Auckland, Dunedin and Wellington are all members of the coalition.
Completing the inventory in-house was expected to cost $25,000.
Two committee members, councillor Peter Bentley and Rural Community Board chairwoman Shirley Trumper, voted against the motion.
Bentley said he was "not at all happy" with incurring costs on ratepayers for what he deemed "questionable science".
Trumper said she was concerned about the impact on rural communities.
"We are feeling considerable pressure, not just from local council, we've got regional and central."
Any action plan needed to be "considered" and had to be done in conjunction with the rural community, she said.
Councillor Karen Hunt said doing the inventory would show the community the council was "taking this seriously".
Mayor Steve Chadwick also backed the proposal and said it was timely, citing the cost of the clean-up following the January storm.
"Thank goodness we've got a report."
Councillor Tania Tapsell said the council "must be leaders in this".
"We can no longer just keep mitigating."
She questioned whether discussions had been held with council-controlled operation Infracore.

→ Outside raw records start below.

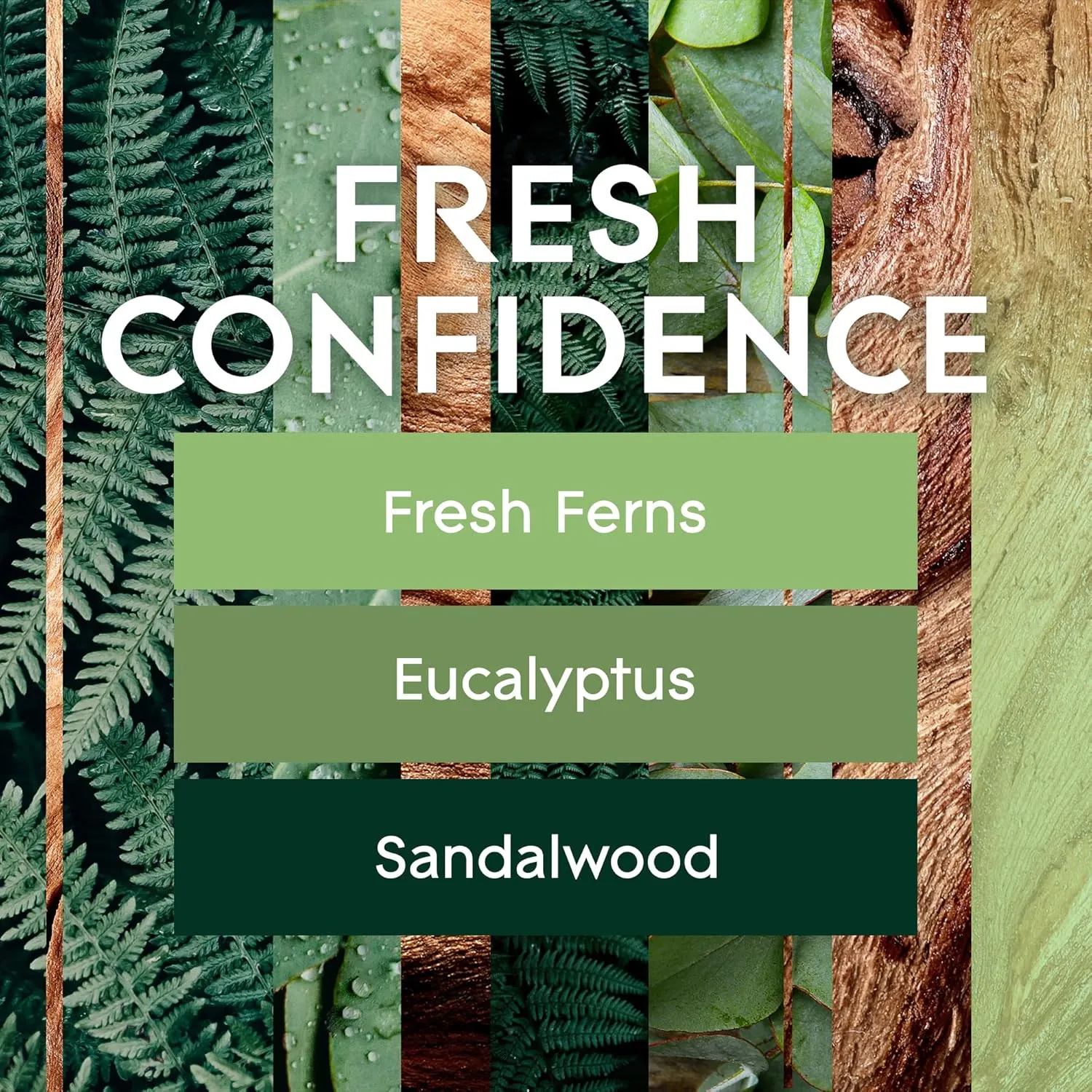 Glade Air Freshener Spray, Fresh Confidence Limited Edition, Fragrance Infused with Essential Oils, 100% Natural Propellent, 8 oz, Pack of 6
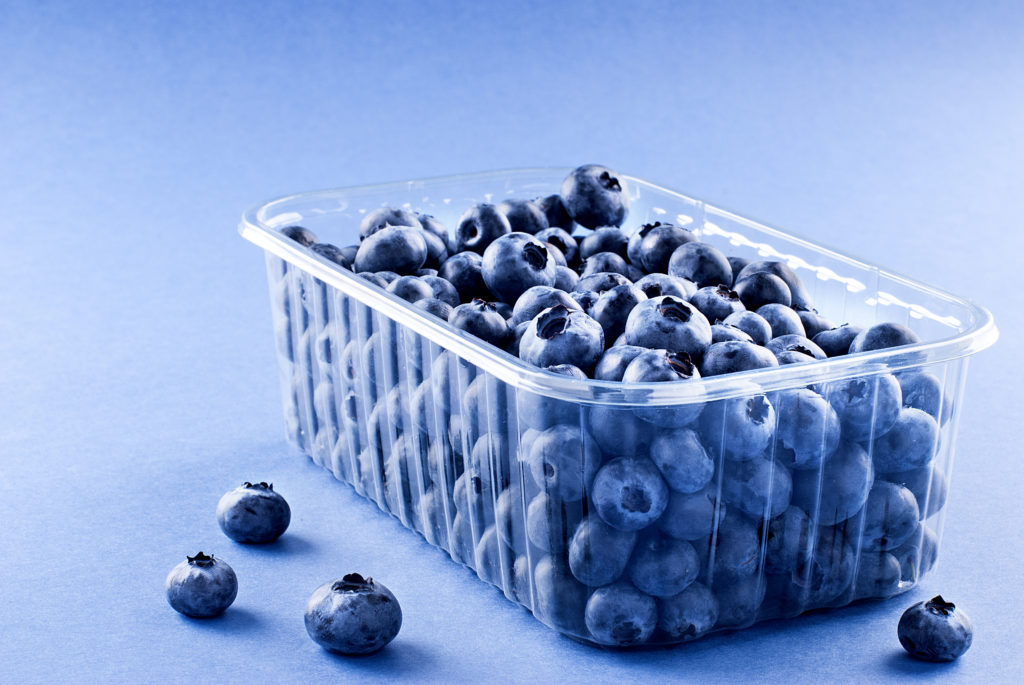 Blueberry Container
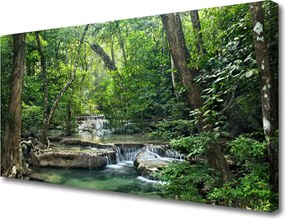 Obraz canvas Tajemniczy Bór w Gęstwinie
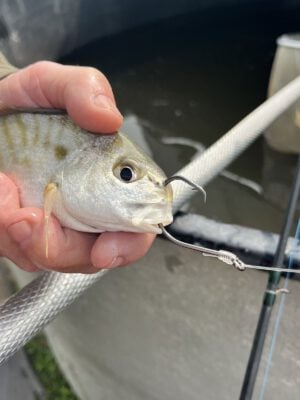 Spot - Live Bait Dozen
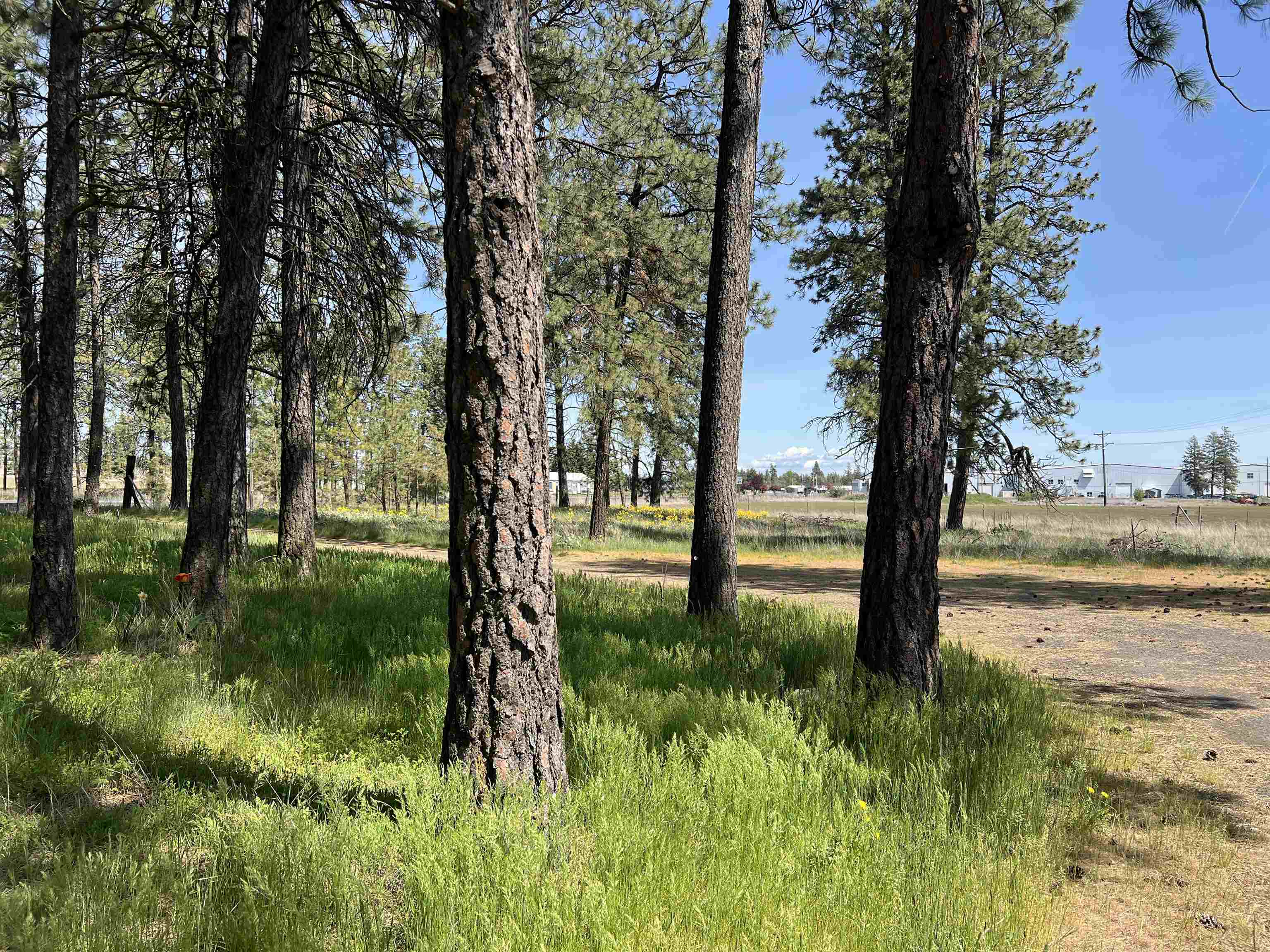 14313 Highway 904 Cheney, WA 99004 - Photo 38 of 49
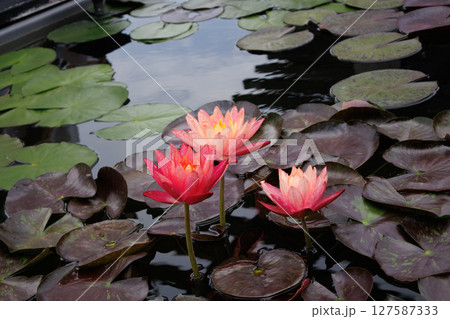 美しく花を咲かせる蓮の花、睡蓮の花 127587333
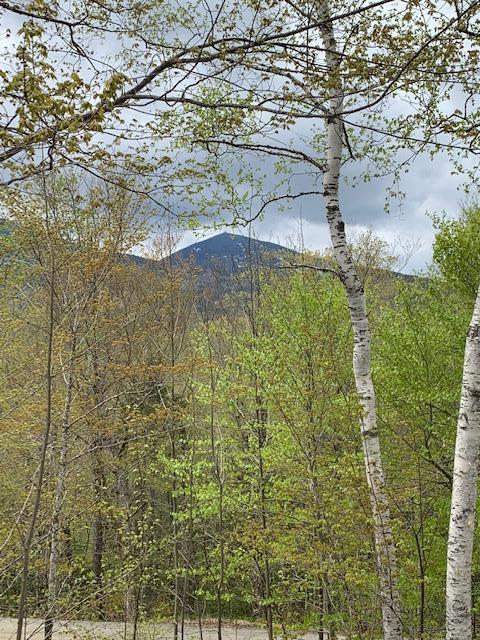 2027 Ridgeview Road Kingfield, ME 04947 - Photo 7 of 23 View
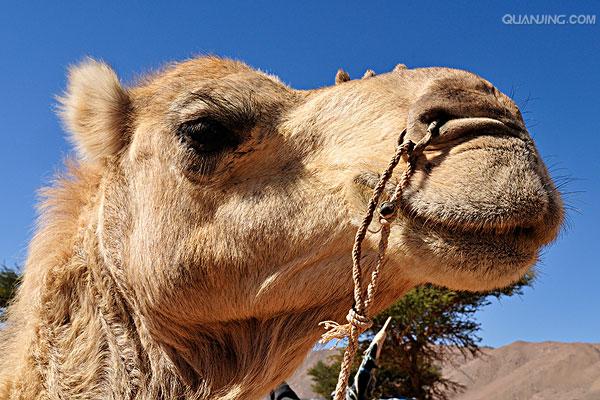 >camelus dromedarius /i>):体长约3米,高2米以上,因有一个驼峰而得名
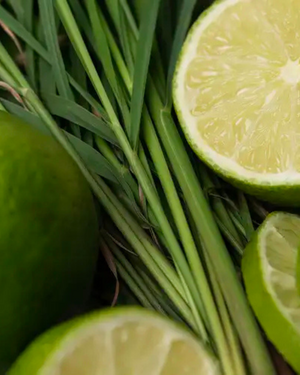Lemongrass + Lime | Clean Citrus · Balanced Herbal · Soft Musk by Bode + Ev image 5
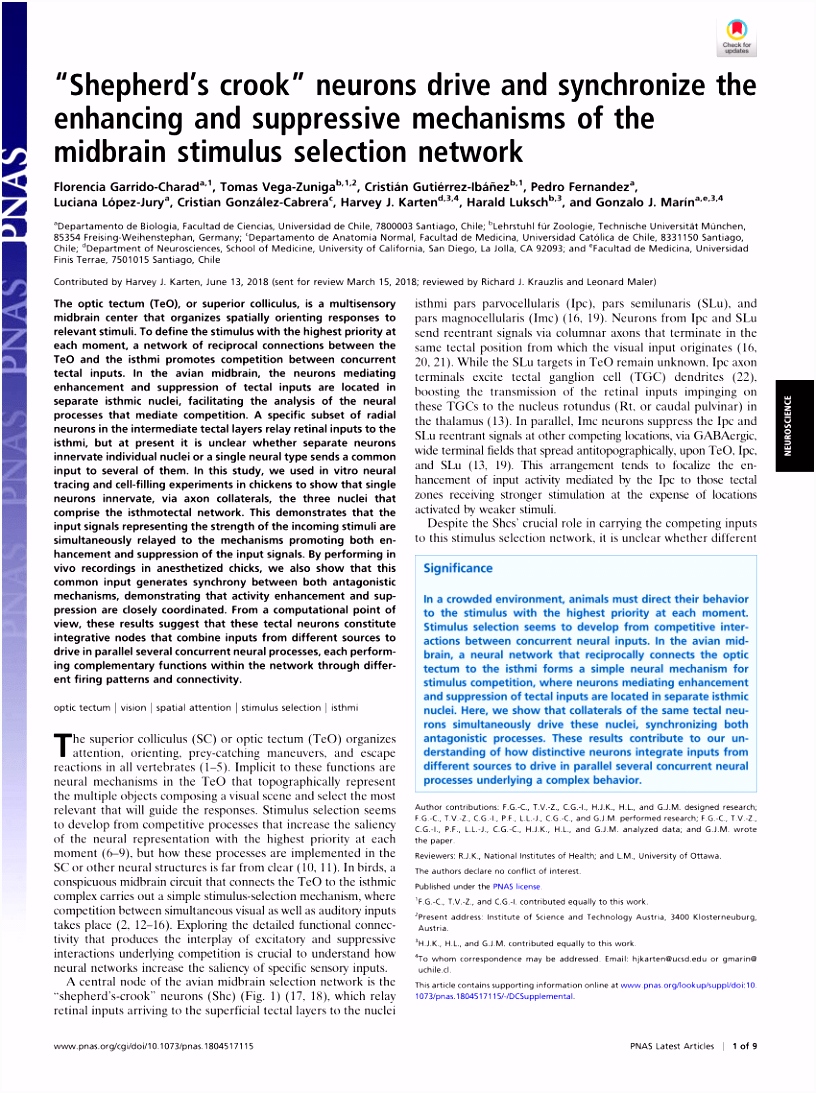 PDF A Novel Relay Nucleus Between the Inferior Colliculus and the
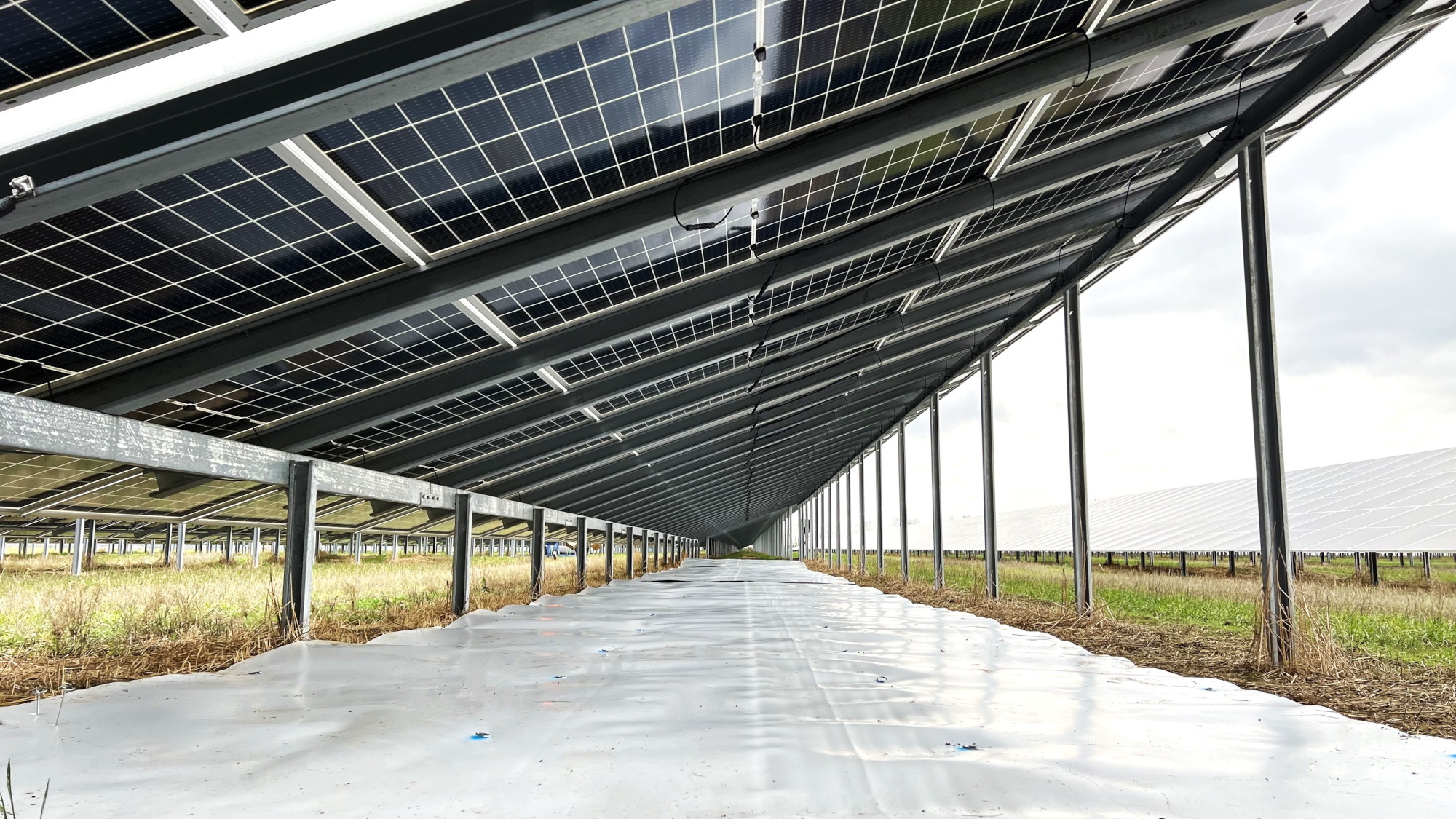 GEOLUX, the albedo-boosting geosynthetic developed by SOLMAX, is installed beneath bifacial modules to maximize the performance of the rear side by increasing ground reflectivity. Image: SOLMAX.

Council strategy development manager Rosemary Viskovic said that conversation had not been held yet, but Infracore was "certainly one of the people in the community we need to work with".
Viskovic said there was no cost to sign up to the GCoM.
Any cost would be in the action plan, but there may also be cost savings, she said.
The full council will meet on February 28.
Where to from here
Phase One (2018)
- Set up internal 'Carbon/Energy Committee'
- Collect data from council departments
- Complete organisational carbon footprint (inventory)
- Analyse results and set targets
- Report organisational and community inventories via internationally-recognised reporting platform.